TESTING ON what is believed to be the biggest rock anchor contract in the UK has been completed. The contract for the rock anchor installation and dock refurbishment of the entrance lock at Rosyth Royal Dockyard in Scotland was won by Kvrner Group Partnership, a joint venture of Kvrner Construction and Kvrner Cementation Foundations.

The work is being carried out to increase the seismic loading capability of the lock, which is used as a dry dock for the Royal Navy's nuclear submarines. The preferred option was to pin the existing mass concrete walls to the bedrock below and behind the walls, to increase the mass of the wall. This would prevent any seismic activity from causing sliding or overturning. Schal Project Management and its design team TPS Consult and NNC carried out the design and analysis of the scheme.
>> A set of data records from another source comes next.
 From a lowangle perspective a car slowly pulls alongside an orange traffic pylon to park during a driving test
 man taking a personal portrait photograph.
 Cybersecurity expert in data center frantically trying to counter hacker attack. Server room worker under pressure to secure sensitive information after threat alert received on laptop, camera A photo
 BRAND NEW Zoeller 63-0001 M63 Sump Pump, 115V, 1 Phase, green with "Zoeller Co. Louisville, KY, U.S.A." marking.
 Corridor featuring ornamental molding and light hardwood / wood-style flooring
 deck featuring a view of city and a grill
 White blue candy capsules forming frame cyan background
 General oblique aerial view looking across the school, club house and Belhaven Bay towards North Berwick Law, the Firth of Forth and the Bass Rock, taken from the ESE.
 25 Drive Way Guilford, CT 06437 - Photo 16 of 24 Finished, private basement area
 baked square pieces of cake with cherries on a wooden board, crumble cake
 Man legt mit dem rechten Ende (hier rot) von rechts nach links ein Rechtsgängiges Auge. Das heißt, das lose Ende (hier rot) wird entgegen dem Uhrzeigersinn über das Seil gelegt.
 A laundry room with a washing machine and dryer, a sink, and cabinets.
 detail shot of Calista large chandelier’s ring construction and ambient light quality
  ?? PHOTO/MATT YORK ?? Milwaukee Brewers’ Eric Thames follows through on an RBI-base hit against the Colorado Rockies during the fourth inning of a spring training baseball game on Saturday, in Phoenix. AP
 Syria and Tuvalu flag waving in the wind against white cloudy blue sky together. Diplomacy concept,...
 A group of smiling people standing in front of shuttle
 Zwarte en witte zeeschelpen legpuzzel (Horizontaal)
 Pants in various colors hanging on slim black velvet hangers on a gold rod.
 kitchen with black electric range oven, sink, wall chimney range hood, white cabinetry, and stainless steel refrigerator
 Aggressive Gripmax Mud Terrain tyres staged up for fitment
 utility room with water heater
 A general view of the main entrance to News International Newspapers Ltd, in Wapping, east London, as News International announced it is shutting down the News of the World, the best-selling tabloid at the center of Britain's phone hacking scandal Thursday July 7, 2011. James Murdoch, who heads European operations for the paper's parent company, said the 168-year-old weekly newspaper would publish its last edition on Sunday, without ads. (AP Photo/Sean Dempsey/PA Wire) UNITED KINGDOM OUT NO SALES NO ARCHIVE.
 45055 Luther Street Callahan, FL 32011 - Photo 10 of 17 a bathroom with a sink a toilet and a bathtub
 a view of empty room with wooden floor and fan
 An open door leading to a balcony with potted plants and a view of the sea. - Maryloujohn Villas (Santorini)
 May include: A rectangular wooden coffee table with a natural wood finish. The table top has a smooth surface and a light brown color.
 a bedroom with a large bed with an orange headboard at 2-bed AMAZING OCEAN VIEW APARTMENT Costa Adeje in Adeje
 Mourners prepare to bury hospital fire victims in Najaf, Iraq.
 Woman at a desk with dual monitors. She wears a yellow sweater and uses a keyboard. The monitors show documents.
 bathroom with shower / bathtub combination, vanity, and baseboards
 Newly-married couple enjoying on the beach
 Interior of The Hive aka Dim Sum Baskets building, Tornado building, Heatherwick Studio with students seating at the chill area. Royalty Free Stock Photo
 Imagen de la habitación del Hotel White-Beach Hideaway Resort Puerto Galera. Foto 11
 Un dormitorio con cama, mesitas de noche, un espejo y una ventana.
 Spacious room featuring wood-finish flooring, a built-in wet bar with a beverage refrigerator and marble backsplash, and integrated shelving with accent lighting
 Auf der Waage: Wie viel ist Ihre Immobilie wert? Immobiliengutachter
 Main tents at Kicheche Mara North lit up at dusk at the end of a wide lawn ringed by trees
Approximately 30% of the £4.5M ($7.2M) project cost was for manufacture of the rock anchors and bearing plates. Kvrner Cementation Foundations opted to set up a dedicated fabrication facility at its Doncaster plant to reduce costs and improve management.

All the anchors, with full double corrosion protection, were manufactured there in conjunction with Dywidag Systems International providing the supervision, material and specialist equipment.

On site works included drilling, installing and stressing 1200 rock anchors, which varied from 16.5m to 30.5m long. Six hundred anchor recesses also had to be cored in the dock walls. Eight C6 drill rigs owned by the contractor were used to carry out the work from access platforms, using down the hole hammer drilling, at up to five locations at any one time.

Large diameter core barrels, up to 800mm, were used to form the 1.6m deep recesses for the anchors, as opposed to conventional small diameter stitch drilling. As a result, circular anchor plates had to be used instead of square.

Reconstruction of the service subway roof was also included in the contract - the initial plan was to carry demolition out before the drilling. But in the end the two operations were reversed to facilitate access for the craneage which was needed for moving the access systems in the dock. Anchor boreholes could be drilled up to four weeks before anchor installation with no reduction in the performance of the anchors.